The conclusion will summarize the topic discussed and provide additional talking points for the next article.
Introduction
Performance measurement is a technique aimed at assessing the capabilities of a system, evaluating how it performs based on a set of predefined metrics we want to track.
Given that we deal with software systems, we are not interested in all the possible metrics of a system, just its software metrics, defined as “a measure of software characteristics which are quantifiable or countable”.

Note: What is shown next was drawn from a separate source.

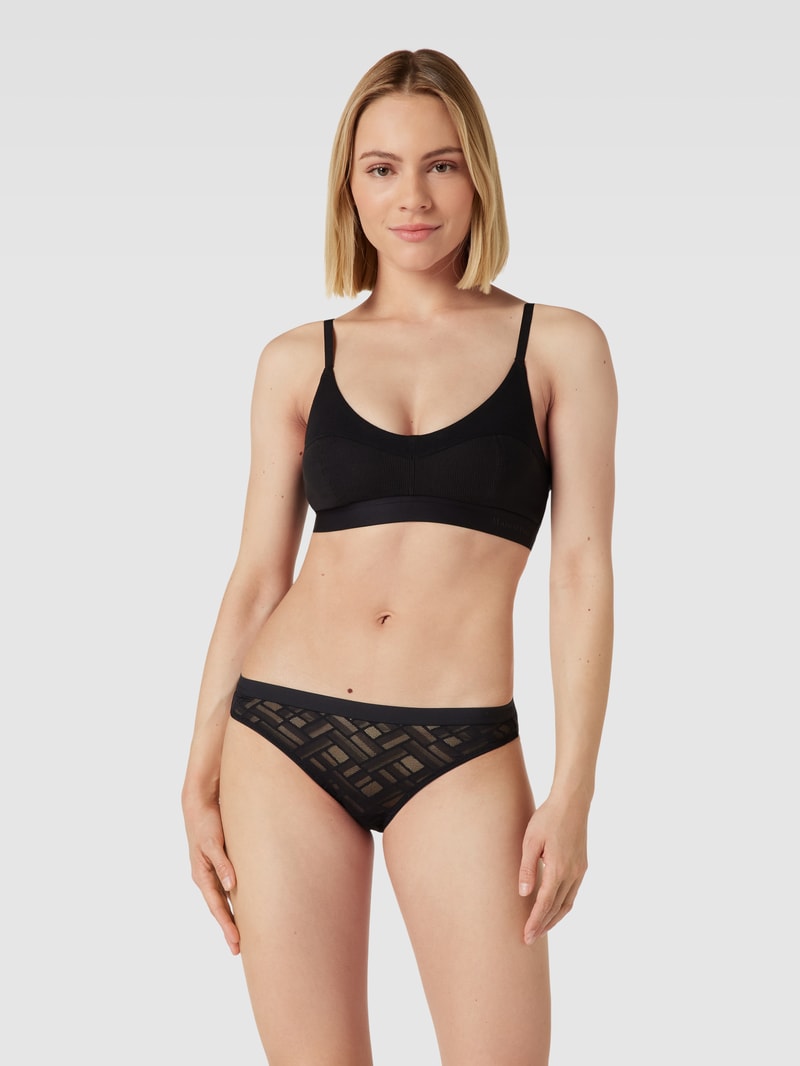 BH mit Feinripp Modell 'Iconic' in schwarz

With this definition of software metric, it follows that we can only measure what we can count or quantify, which means that we can only act on data that has such properties, like number of requests in an interval, memory consumption, I/O time and so on, while we cannot act on data that doesn’t have those properties, like “code legibility” which, no matter how much we try to squeeze this property into a number, still remains mostly a question of personal preference and thus it cannot be quantified easily (or at all in certain cases).
So, with the theory out of the way, what are we going to look at today? What metrics will we measure and how are we going to do that?
The answer is in the next chapter, but the gist of it is:
- We will have a look at the core metrics of a web application (requests per second, request completion time at Nth percentile, average request latency, throughput)
- We are going to write two applications, one in the “classic” blocking style with Spring MVC and the other one following Reactive Model with Spring Webflux and compare them across different scenarios
- We will craft different varieties of load testing and see how they differ across the metrics that we will track
A Discussion on Performance Testing
Discussions on Performance Testing should start with a warning, and we’ll not make an exception here:
Any performance measurement carries an implicit level of inaccuracy due to a number of wildly different factors that affect the system under test.
There is no such thing as perfect measurement test, only “accurate enough for the level of detail we care about” tests.
The factors that influence a test can range from the low level like CPU caches L1 or L2 being cold/warm, Hypervisor resource allocation, Bare Metal vs Virtual CPU, NUMA design, and so on, to the high-level Kernel used, DMA, VDSO, io_uring, epoll vs kqueue and so many others.
These needs to be taken into account when discussing numbers and the results that those numbers suggest.
While it is clearly possible to go low level enough to precisely control and measure the effect of most of these factors, doing so in this article would be extremely time consuming and, for the reader, likely not very useful as it would require a lot of tweaks to standard software to reproduce the results with very few added benefits.
For the purpose of discussing our point, reactive vs classic style of writing applications, we will ignore most of these factors given that we are interested in the general picture, it would not make much of a difference if we added a couple of nanoseconds to a measurement that is usually expressed in milliseconds.
By doing so, mostly ignoring these factors we discussed above, we will be able to keep the measurement process simple while still be able to meaningfully discuss the performance trend in our application code, checking which style is faster (and at what cost) and discuss the characteristics of the system in terms of the metrics that have been produced.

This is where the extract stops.